Please copy out the listing below in full and exactly.

● Exercise data:
※

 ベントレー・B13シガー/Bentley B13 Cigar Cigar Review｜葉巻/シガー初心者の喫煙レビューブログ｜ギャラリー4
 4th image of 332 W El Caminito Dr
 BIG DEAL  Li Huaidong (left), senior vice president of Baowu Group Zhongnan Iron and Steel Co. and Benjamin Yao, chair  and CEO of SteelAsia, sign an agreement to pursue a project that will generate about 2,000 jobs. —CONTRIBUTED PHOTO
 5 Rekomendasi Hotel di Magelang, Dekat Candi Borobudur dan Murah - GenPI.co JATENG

※

● Response:
 ベントレー・B13シガー/Bentley B13 Cigar Cigar Review｜葉巻/シガー初心者の喫煙レビューブログ｜ギャラリー4
 4th image of 332 W El Caminito Dr
 BIG DEAL  Li Huaidong (left), senior vice president of Baowu Group Zhongnan Iron and Steel Co. and Benjamin Yao, chair  and CEO of SteelAsia, sign an agreement to pursue a project that will generate about 2,000 jobs. —CONTRIBUTED PHOTO
 5 Rekomendasi Hotel di Magelang, Dekat Candi Borobudur dan Murah - GenPI.co JATENG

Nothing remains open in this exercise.